Any investment, whether it is a conventional credit derivative or an asset-backed true sale Sukuk, carries the risk of financial loss as well as gain. This sort of risk is a central tenet of Shariah and cannot be ignored. What is more important however, is for those with excess liquidity looking for investment opportunities to be provided with such opportunities through a wide variety of products that provide a real variation in risk profile as well as products that can manage that risk and therefore provide diversity. No portfolio should be over-reliant on one asset class and Shariah-compliant portfolios are no different.

Growth opportunities

Sukuk to fund infrastructure are becoming more common, with Malaysia exploring one such issuance to fund development of the urban mass rapid transport system (MRT) in Kuala Lumpur – a project that is currently predicted to require RM36 billion (US$11.25 billion). Other infrastructure and project financing opportunities continue to present themselves in Africa and in Asia. Infrastructure lends itself particularly well to Islamic financing as there are assets either in place or in the process of construction. Infrastructure assets such as the proposed Malaysian MRT are also revenue generating assets which are ideally suited to Islamic structures.

What has also become noteworthy in the past 12 months is the willingness of non-Islamic institutions and corporates to consider Islamic finance as a source of funding.

The lack of supply has created a bottleneck of demand which has pushed down yields much to the delight of issuers. This has led a number of conventional institutions that have chosen Sukuk ahead of conventional bonds as a result of such pricing pressure.

As the sophistication of investors grows, so should the availability of more structured investment products. Sukuk should not be the only asset class available for investment and both structured deposits and Shariah compliant swaps should provide opportunities for investment in new products. A Shariah compliant total return swap or price return swap structured through a Musawwamah are examples of products that could address this gap in the market. Such products are particularly useful when overcoming investment hurdles such as foreign ownership restrictions. They are also a useful means by which investors who find themselves in a long position vis-à-vis a particular stock option incentive scheme or similar can try to unlock liquidity opportunities. However, in order to achieve this, products need to be created which specifically address the needs of Islamic investors.

Conclusion

Islamic finance faces the same problem it has faced for many years when it comes to liquidity: a lack of assets in which to invest and a lack of a secondary market for those assets.

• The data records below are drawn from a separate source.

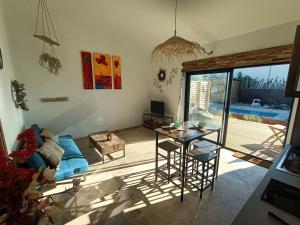 a living room with a table and a blue couch at Cocoon inn&Spa in Saint-Saturnin-les-Avignon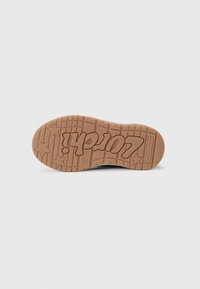 Gumová podrážka topánky v svetlohnedej farbe s hviezdičkovými vzormi a výrazne zobrazeným logom "Vans". Hladký povrch s textúrovanými zónami gripu.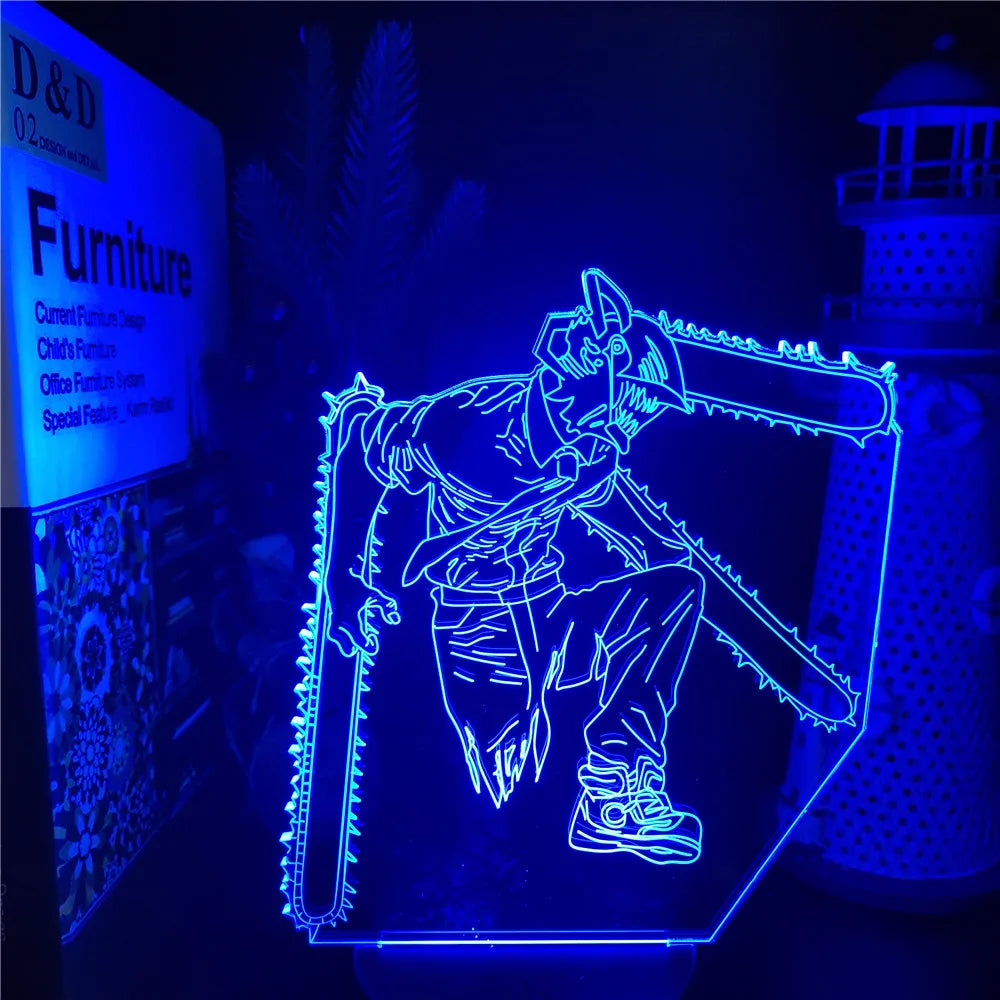 Bright blue LED acrylic night light showing a stylized line-art figure in an action pose with two chainsaw blades, glowing in a dark room with a lighthouse decoration in the background.
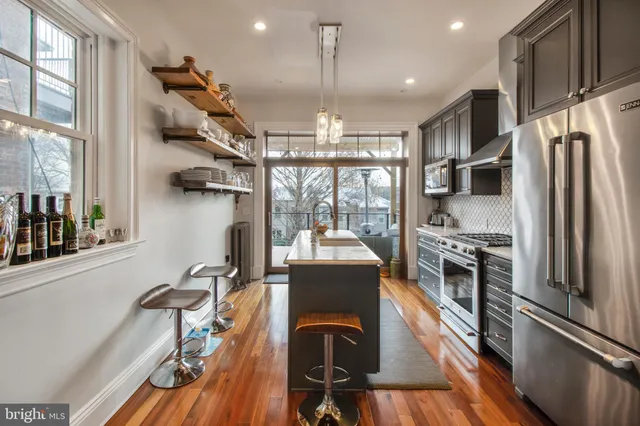 a view of a kitchen with kitchen island stainless steel appliances a stove a sink and a refrigerator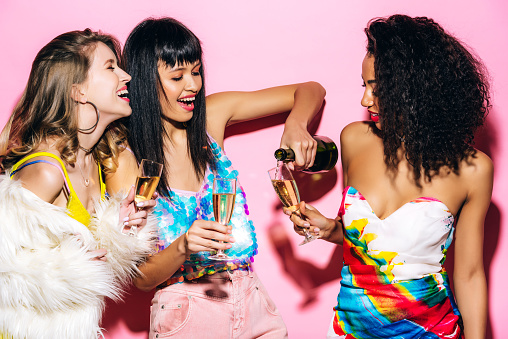 emotional multicultural girlfriends pouring champagne from bottle into glasses on pink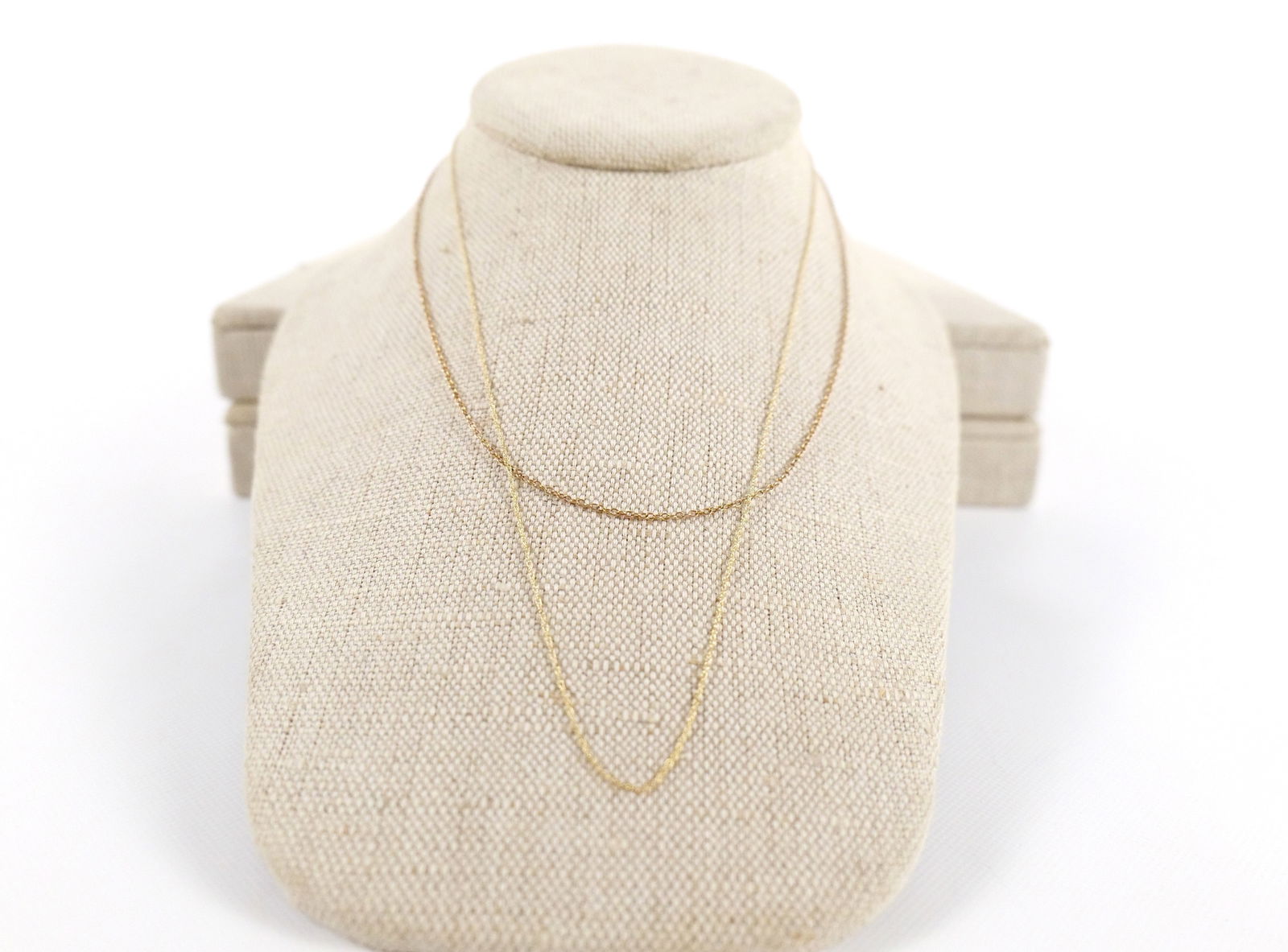 Pair of 10k Yellow Gold Chains: Pair of 10k Yellow Gold Chains. Largest measures 18". Weighs approx. 1.8 grams. All invoices must be paid within 24 hours of the sale. We offer multiple shipping options, please read the shipping term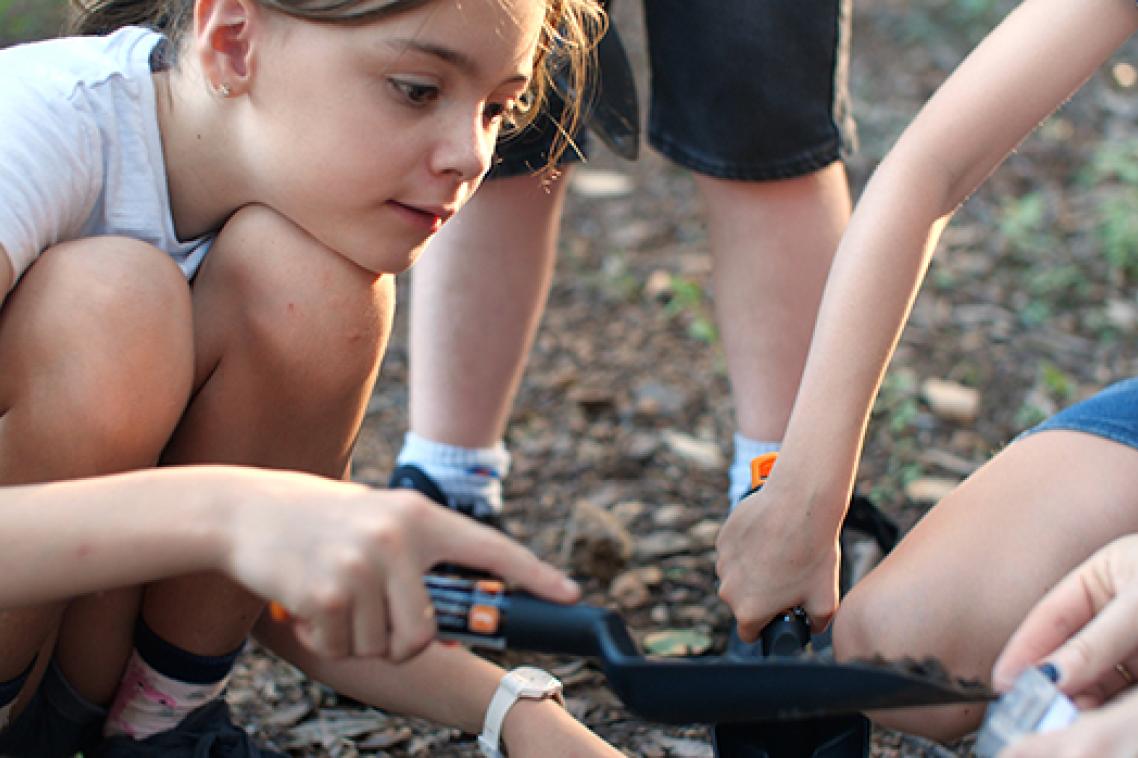 A young girl digs in the dirt to fill a Soils for Science sample bag.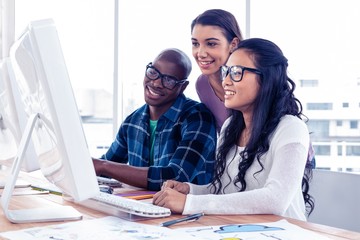 Happy business people working on computer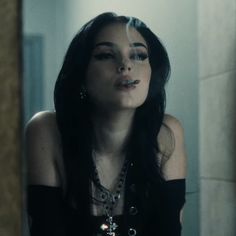 a woman with long black hair and piercings looking at herself in a bathroom mirror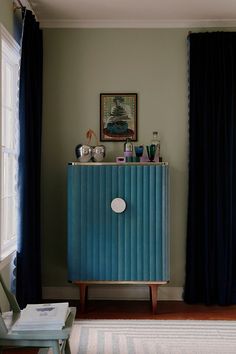 a blue cabinet in the corner of a room next to a window with black curtains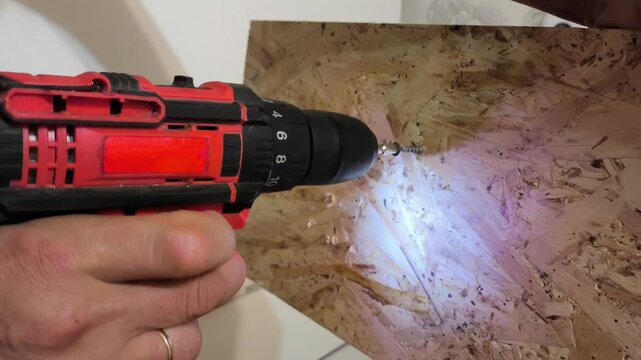 A man using Power drills drives a screw into an OSB board close-up. Assembling furniture, wall boards, repairs in the apartment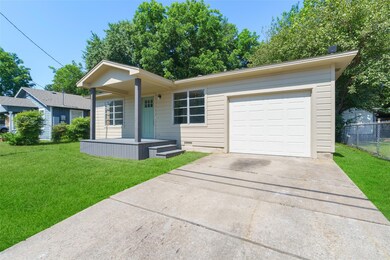 Ranch-style home with a garage and a front yard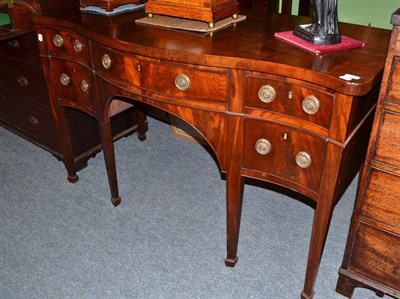 Lot 700 - A 19th century Serpentine sideboard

The success of Bahrain's short-term liquidity programs are clear evidence that such initiatives are needed and well received and it is hoped that similar products can be offered by other sovereigns in the future.

The growing familiarity with Islamic finance means that Sukuk should not be as focused on the property market as they once were with infrastructure projects now coming to the fore. This familiarity also leads to a wider geographical diversification with countries from Brazil to Japan seeking to issue a sovereign Sukuk.

However, Sukuk cannot be allowed to be the only asset class for Islamic fund managers and as such a greater diversification must be achieved in order for such funds to be properly managed. The Islamic finance market has come a long way but there is much still to do in order for it to truly rival its conventional equivalent.